▶ Exercise goal
In the entries below, begin at the line with "5/278 Military Road, Grange SA 5022" and stop after the line with "Gunwerks-Clym-R-5"; output those lines exactly and omit the pictures.

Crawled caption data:

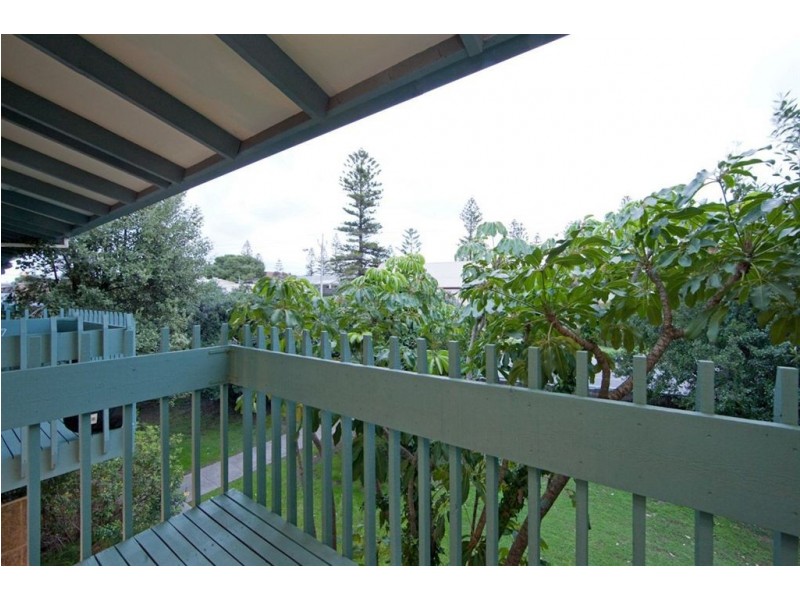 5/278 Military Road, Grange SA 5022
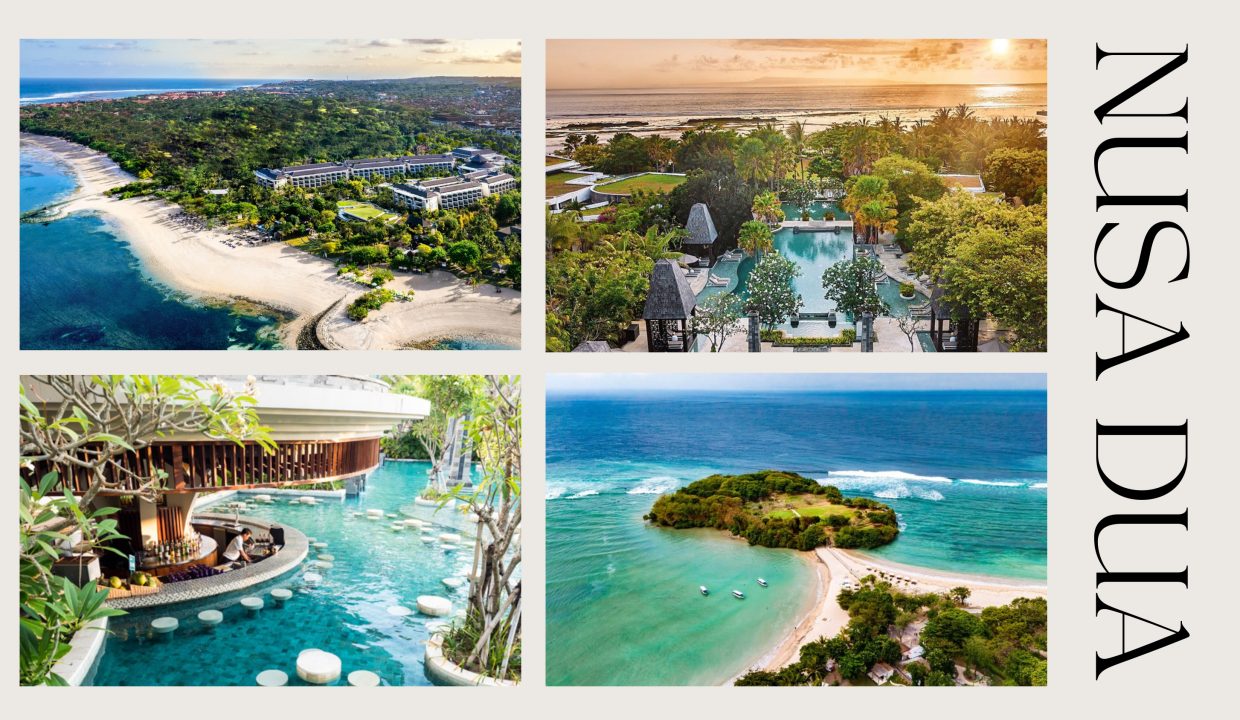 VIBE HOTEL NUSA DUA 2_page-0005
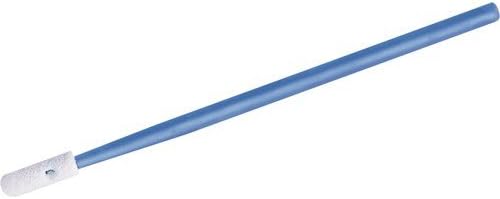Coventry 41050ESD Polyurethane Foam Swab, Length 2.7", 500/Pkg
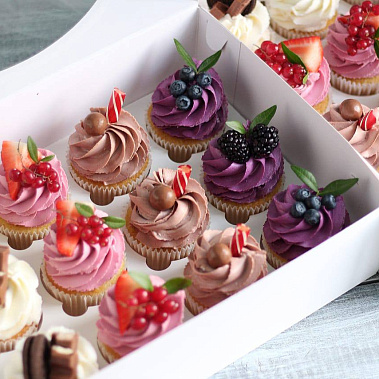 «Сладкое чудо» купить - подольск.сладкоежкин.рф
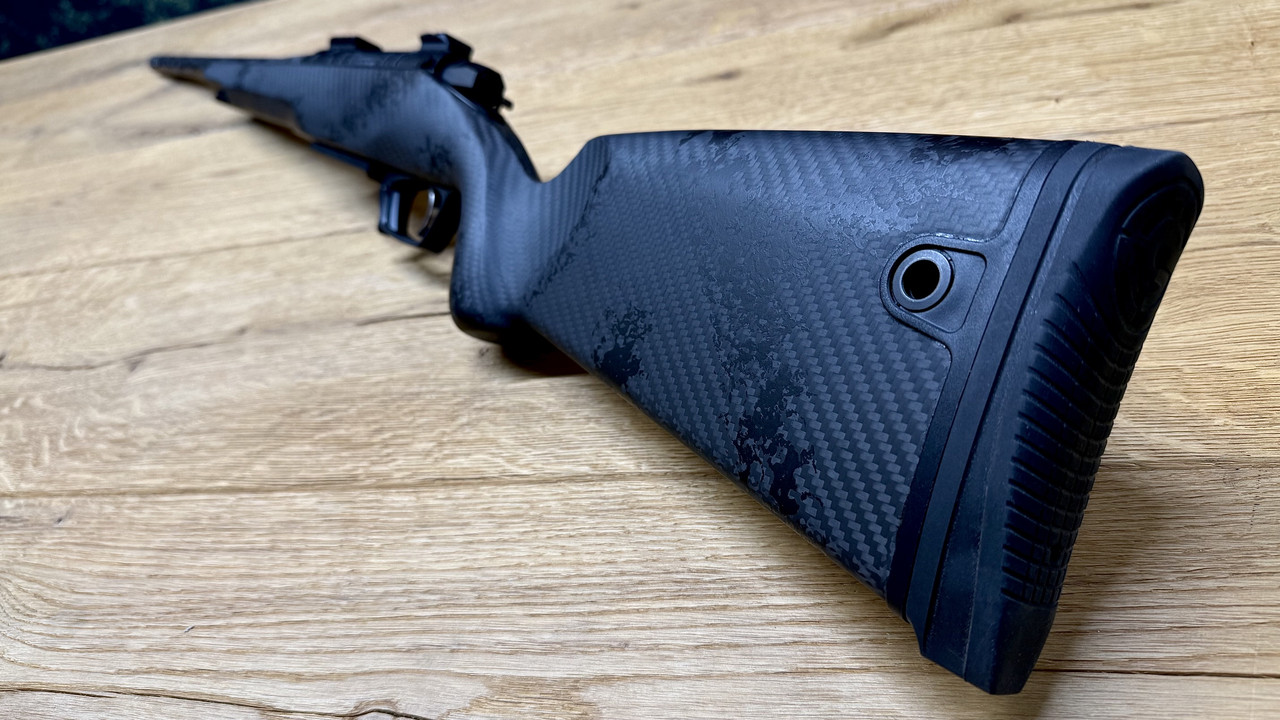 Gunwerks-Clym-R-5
--
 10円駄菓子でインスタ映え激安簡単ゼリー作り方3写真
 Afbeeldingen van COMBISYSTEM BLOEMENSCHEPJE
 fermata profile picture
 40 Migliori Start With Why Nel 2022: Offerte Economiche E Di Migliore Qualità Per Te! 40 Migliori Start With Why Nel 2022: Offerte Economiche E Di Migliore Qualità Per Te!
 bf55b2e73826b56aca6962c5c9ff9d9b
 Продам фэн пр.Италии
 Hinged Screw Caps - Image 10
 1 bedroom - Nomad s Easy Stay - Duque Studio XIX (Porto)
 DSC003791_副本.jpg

▶ Response area
 5/278 Military Road, Grange SA 5022
 VIBE HOTEL NUSA DUA 2_page-0005
Coventry 41050ESD Polyurethane Foam Swab, Length 2.7", 500/Pkg
 «Сладкое чудо» купить - подольск.сладкоежкин.рф
 Gunwerks-Clym-R-5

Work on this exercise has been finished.